The best word I can think of to describe John Edwards this morning. Here's a guy who's stayed awake for days, crisscrossing this state on dozens of campaign events spreading a message much more fiercely than he did in 2004: corporate greed, lobbying, unfair tax breaks, and handouts to big business must end.
Where better to show up at 8:00 AM on caucus day than the blue collar neighborhood of east Des Moines. Only blocks away from the event were towering industrial plants and warehouses. Kevin Cooper, a steelworker and supporter of John Edwards, joined fellow union members on stage behind Senator Edwards and held a sign whose simple words sow the true, core strength of Edwards' campaign?the support of union labor.
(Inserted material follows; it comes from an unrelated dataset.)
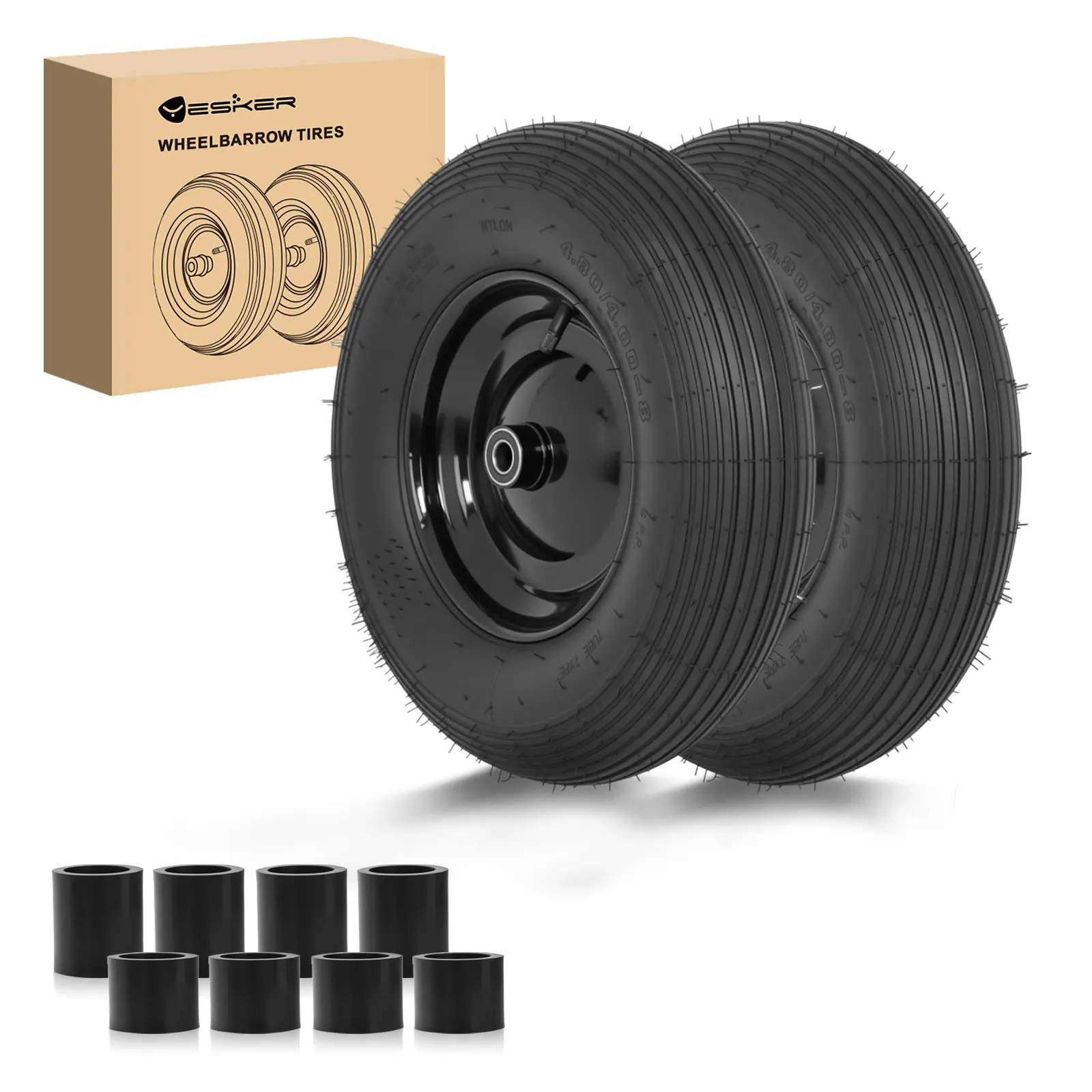 Yesker 4.80/4.00-8 Rubber Pneumatic Tires & Wheels Replacement Set (2 Pack) - 16" Air-Inflated Wheels with 5/8" Axle Bore, Durability, High Load Performance, Improved Traction, Natural Shock Absorption for Wheelbarrow, Garden Cart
I've seen Hillary's crowds, the thousands of young supporters and families that show up for Barack Obama, and the smattering of folks that show up for Biden, Richardson, and Dodd, but John Edwards has been the only candidate that has consistently had audiences packed with union laborers and blue collar workers so often talked about in this campaign. As I drove along the winding roads that snaked between smoke stacks, stone quarries, and water treatment plants after Edwards departed I realized the candidate of choice for the working class people of America, and more specifically today in Iowa, means a great deal to me. These are people who are deeply affected when their interests are slighted by our 'corporate-American' government in Washington, and these are people who take offense when a politician doesn't follow through on a promise to help them out.
It's comforting to drive through the industrial areas of Iowa because it's here where America's heart beats. No matter how much voters in New York and Florida complain about not having an influence in selecting the presidential nominees, there's just something about Iowa on caucus day that feels right.
Edwards spoke for barely ten minutes. In and out and onwards. As soon as the Senator left, however, I was surprised that the room didn't empty. Instead, a campaign staffer took to the stage and began arranging the crowd into sections. I realized then that the hundred or so people in attendance were not just onlookers, but volunteers preparing to canvass around the city.
John Edwards comes from a family of laborers and is by far the hardest working candidate on the trail in Iowa. If his support around the state is as strong, passionate, and authentic as the handfuls of canvassers this morning in Des Moines, you better watch Edwards' results start coming in this evening.